### SOURCE DATA:
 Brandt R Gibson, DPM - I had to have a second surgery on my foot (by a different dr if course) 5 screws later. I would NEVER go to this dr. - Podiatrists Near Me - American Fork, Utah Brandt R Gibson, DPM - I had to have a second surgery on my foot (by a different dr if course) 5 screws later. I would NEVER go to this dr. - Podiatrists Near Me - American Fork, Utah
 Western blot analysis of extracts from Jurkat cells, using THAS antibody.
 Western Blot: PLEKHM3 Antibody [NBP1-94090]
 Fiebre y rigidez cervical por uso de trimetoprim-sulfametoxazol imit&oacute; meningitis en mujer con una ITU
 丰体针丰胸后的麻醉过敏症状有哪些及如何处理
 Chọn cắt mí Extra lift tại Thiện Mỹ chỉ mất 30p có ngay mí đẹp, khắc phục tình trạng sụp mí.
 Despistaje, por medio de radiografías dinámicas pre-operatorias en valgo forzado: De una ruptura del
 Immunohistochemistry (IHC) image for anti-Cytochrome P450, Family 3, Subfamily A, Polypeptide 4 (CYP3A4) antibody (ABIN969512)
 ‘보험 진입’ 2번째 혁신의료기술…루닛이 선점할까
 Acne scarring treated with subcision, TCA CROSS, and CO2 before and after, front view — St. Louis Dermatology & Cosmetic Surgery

### WORK REQUIRED:
The material shown above is to be retyped in full, without alteration.

### RESULT BELOW:
 Brandt R Gibson, DPM - I had to have a second surgery on my foot (by a different dr if course) 5 screws later. I would NEVER go to this dr. - Podiatrists Near Me - American Fork, Utah Brandt R Gibson, DPM - I had to have a second surgery on my foot (by a different dr if course) 5 screws later. I would NEVER go to this dr. - Podiatrists Near Me - American Fork, Utah
 Western blot analysis of extracts from Jurkat cells, using THAS antibody.
 Western Blot: PLEKHM3 Antibody [NBP1-94090]
 Fiebre y rigidez cervical por uso de trimetoprim-sulfametoxazol imit&oacute; meningitis en mujer con una ITU
 丰体针丰胸后的麻醉过敏症状有哪些及如何处理
 Chọn cắt mí Extra lift tại Thiện Mỹ chỉ mất 30p có ngay mí đẹp, khắc phục tình trạng sụp mí.
 Despistaje, por medio de radiografías dinámicas pre-operatorias en valgo forzado: De una ruptura del
 Immunohistochemistry (IHC) image for anti-Cytochrome P450, Family 3, Subfamily A, Polypeptide 4 (CYP3A4) antibody (ABIN969512)
 ‘보험 진입’ 2번째 혁신의료기술…루닛이 선점할까
 Acne scarring treated with subcision, TCA CROSS, and CO2 before and after, front view — St. Louis Dermatology & Cosmetic Surgery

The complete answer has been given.